Lorena Suarez, Guido A. Van Nieuwenhove, Fernando Murua, Laura P. Bezdjian, Pablo Schliserman, Natalia Lara, Jorge Escobar, Sergio M. Ovruski

Author Affiliations +

Florida Entomologist, 95(4):991-999 (2012). https://doi.org/10.1653/024.095.0426

Abstract

The objective of the present study was to assess the effect of different times of exposure to the host on parasitoid emergence rate, parasitoid progeny sex ratio, and on host mortality, as a step toward the development of an efficient mass-rearing system for the braconid Diachasmimorpha longicaudata (Ashmead) on larvae of the VIENNA 8 Temperature Sensitive Lethal Ceratitis capitata (Wiedemann) strain. The role of host-rearing substrate cues in stimulating the host-searching behavior of parasitoid females was also evaluated. Three exposure times (40, 60, and 120 min) were tested. One hundred 7 d-old host larvae were exposed to 25 female parasitoids per treatment. Larvae mixed with wheat-based rearing medium and larvae without medium were used in each test. A second set of treatments with the same method described above was conducted using late third-instars of the C. capitata wild-type strain. These experiments were carried out to assess the quality of the larvae of VIENNA 8 strain in producing D. longicaudata adults by comparing them with the larvae of the wild-type strain. Results indicated that the use of larvae of VIENNA 8 strain on their rearing diet at 40 min exposure time significantly increased overall parasitoid offspring production and decreased the host mortality level. Nevertheless, parasitoid emergence recorded from VIENNA 8 strain was notably lower than that recorded from the wild-type strain. Low parasitoid emergence levels and the prevalence of male-biased progeny recorded in all assays are obstacles to development of a parasitoid mass-rearing system using larvae of VIENNA 8 strain as host. Additional studies focusing on host exposure to parasitoids are needed to verify the effect of host larval quality on the production of D. longicaudata.

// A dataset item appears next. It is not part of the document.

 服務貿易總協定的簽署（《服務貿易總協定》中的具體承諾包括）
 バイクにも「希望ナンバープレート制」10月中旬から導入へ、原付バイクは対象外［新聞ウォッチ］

The Mediterranean fruit fly (= medfly), Ceratitis capitata (Wiedemann) (Diptera: Tephritidae), is one of the major pests of fruit crops in Argentina and its presence in many fruit-growing regions is a phytosanitary barrier to the export of fresh fruits (Guillén & Sánchez 2007). In the Province of San Juan, located in the central-eastern region of Argentina known as Cuyo, control strategies against C. capitata in temperate pome and stone fruit-producing areas have been implemented by the National Fruit Fly Control and Eradication Program (ProCEM) jointly with the provincial government and the producers. This program aims to establish C. capitata-free and/ or low prevalence areas based on the concept of area-wide integrated pest management (Guillén & Sánchez 2007). In 1986 the San Juan provincial government constructed the BioPlanta San Juan mass-rearing facility, in order to produce sterile flies to suppress or eradicate C. capitata in both urban and rural areas of San Juan Province, Argentina. Therefore, the strategies applied against C. capitata through the ProCEM in San Juan, have been based on an integrated use of SIT (sterile insect technique), cultural and chemical controls, jointly with the implementation of a strict quarantine system (Díaz et al. 2008). Furthermore, in 2008 biological control has been incorporated into control activities of ProCEM San Juan by establishing, in a first phase, a laboratory colony of the exotic parasitoid Diachasmimorpha longicaudata (Ashmead) (Hymenoptera: Braconidae) at BioPlanta San Juan facility.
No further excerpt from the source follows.